At an appropriations hearing in February, transportation secretary Yassmin Gramian all but said forget about expanding service; transit systems remain in crisis.

“We are very concerned about the future, and when the transit system is going to go back into what it used to in terms of providing services that they used to before Covid-19,” she said.

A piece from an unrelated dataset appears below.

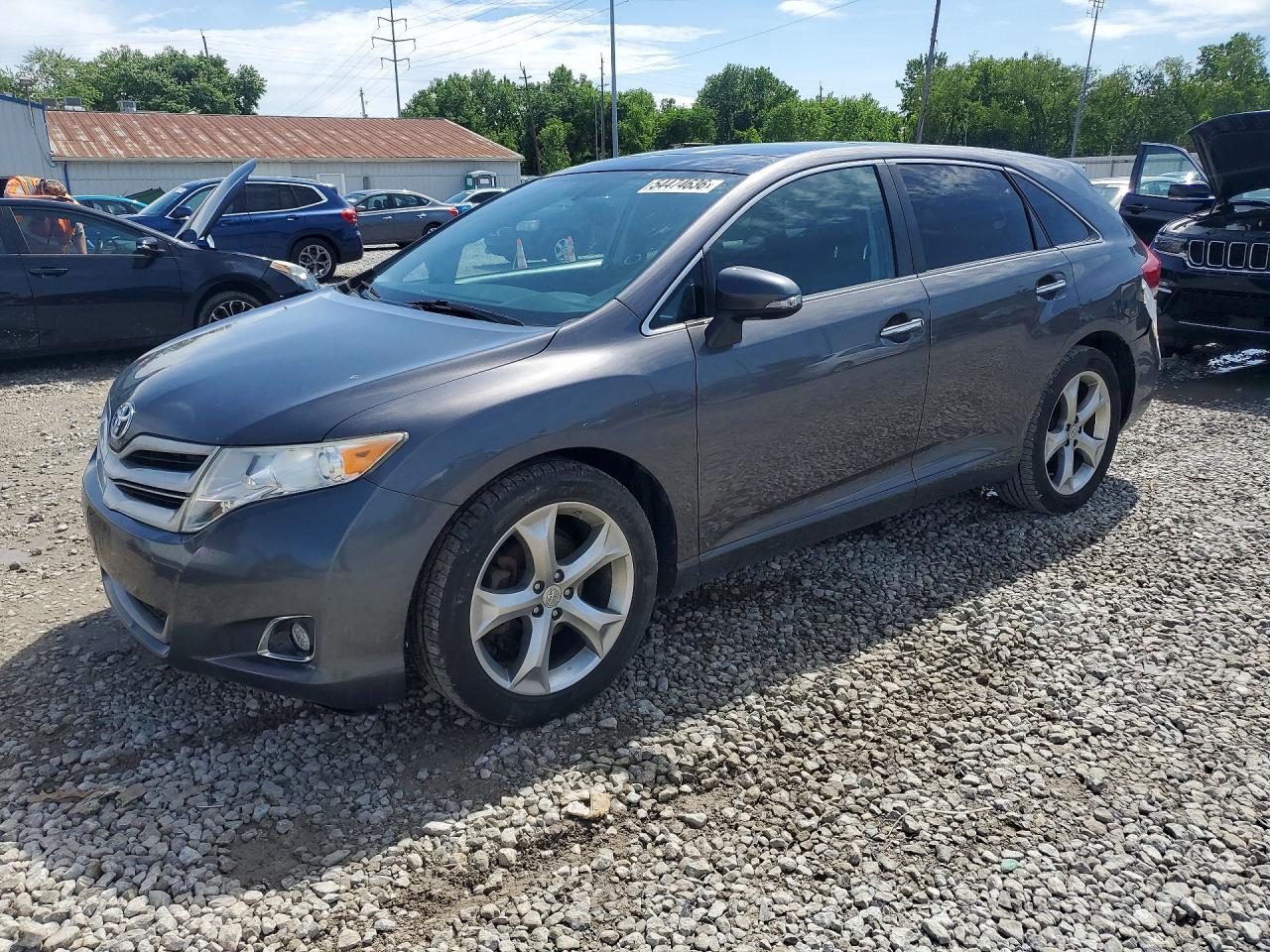 Salvage Toyota Venza Image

When the pandemic decimated travel last spring it struck at PennDOT’s primary source of funding, the gas tax, as well as other revenue sources. However, it’s not just PennDOT’s solvency that transit agencies need to worry about, but rather a cascade of financial woes.

Thanks to laws passed in 2007 and 2013, the Pennsylvania Turnpike Commission ultimately covers the cost of public transit in the commonwealth. Each year the commission sends $450 million to PennDOT, most of which the agency then uses to pad the capital budgets of systems across the state.

The commission struggled to come up with the money in 2020. They slashed their own capital budget by almost a quarter, and in June laid off roughly 500 toll collectors. The turnpike had been pursuing automated tolling for several years and was working to phase out the remaining collectors; officials said huge losses and the complications of pandemic safety precautions hastened the decision.

As of 2021, the turnpike has provided $7.3 billion in funding to support transit, the bulk of which was paid for with debt, financed by year-over-year toll increases. In a January press release, turnpike CEO Mark Compton urged the statehouse to “end … this particular financial chapter” and find permanent transit funding before the July 1, 2022 deadline, when the turnpike’s annual obligation drops to $50 million.

It’s not yet clear how state government will fill a $400 million hole, but Kelleman said there’s an excellent case to be made that state investment in Allegheny County transit pays off.

“We are still nine percent of the state's population and over 12 percent of the general fund contribution,” she said. “Substantive transit is part of the engine that makes our state move.”

At the federal level, Kelleman said she’s guardedly optimistic that congress may finally pass another five-year transportation funding bill. The FAST Act, Fixing America’s Surface Transportation, was approved in 2015 and was set to expire on September 30, 2020. Congress voted to extend funding through 2021.

Fundamentally, Kelleman said, “don’t ask, don’t get.” Allegheny County must build a vision of what it wants — Kelleman says it deserves — and then they’ll figure out how to pay for it.